- Work instructions -
The answer is the data repeated in full, with no pictures included.

━━━━━━━━━━━━━━━━

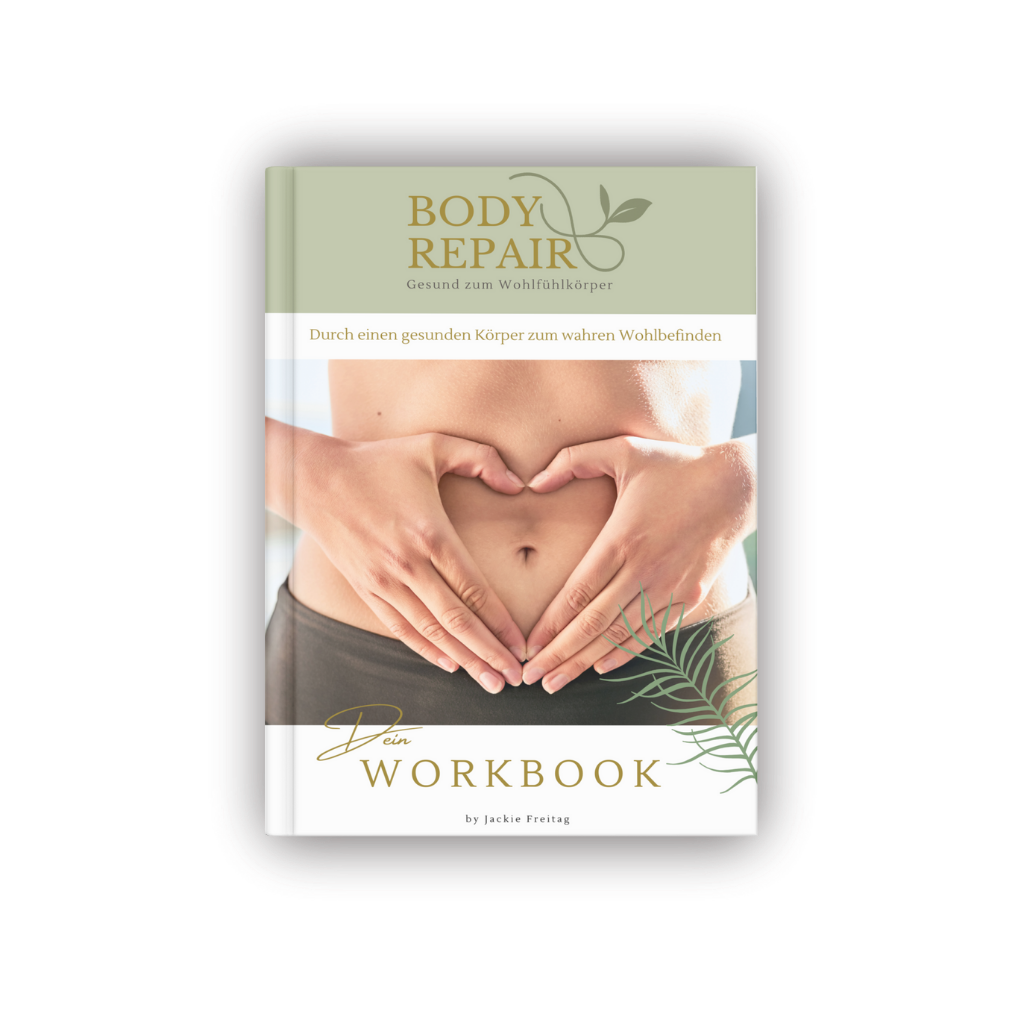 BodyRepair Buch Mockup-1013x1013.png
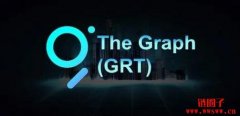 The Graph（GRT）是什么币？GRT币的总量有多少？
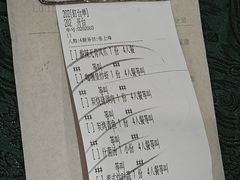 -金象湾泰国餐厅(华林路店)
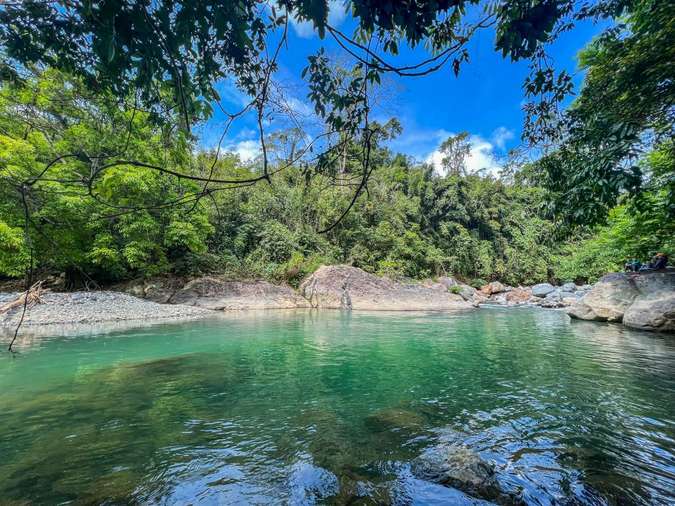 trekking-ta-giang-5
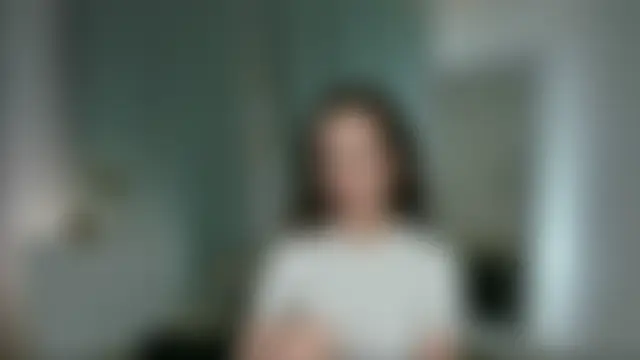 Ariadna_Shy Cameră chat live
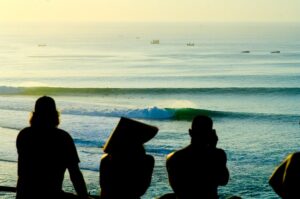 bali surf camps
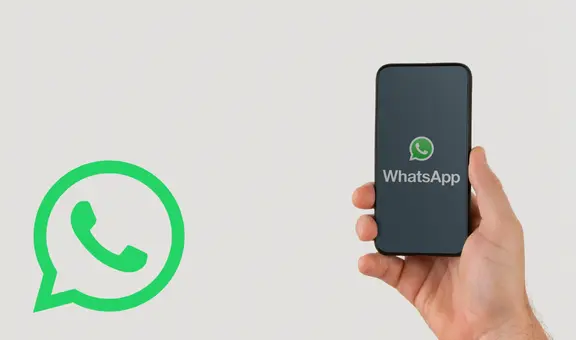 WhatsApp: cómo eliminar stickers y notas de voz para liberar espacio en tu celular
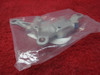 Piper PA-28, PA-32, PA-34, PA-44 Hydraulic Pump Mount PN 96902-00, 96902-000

━━━━━━━━━━━━━━━━

- Solution -
 BodyRepair Buch Mockup-1013x1013.png
 The Graph（GRT）是什么币？GRT币的总量有多少？
 -金象湾泰国餐厅(华林路店)
 trekking-ta-giang-5
 Ariadna_Shy Cameră chat live
 bali surf camps
 WhatsApp: cómo eliminar stickers y notas de voz para liberar espacio en tu celular
 Piper PA-28, PA-32, PA-34, PA-44 Hydraulic Pump Mount PN 96902-00, 96902-000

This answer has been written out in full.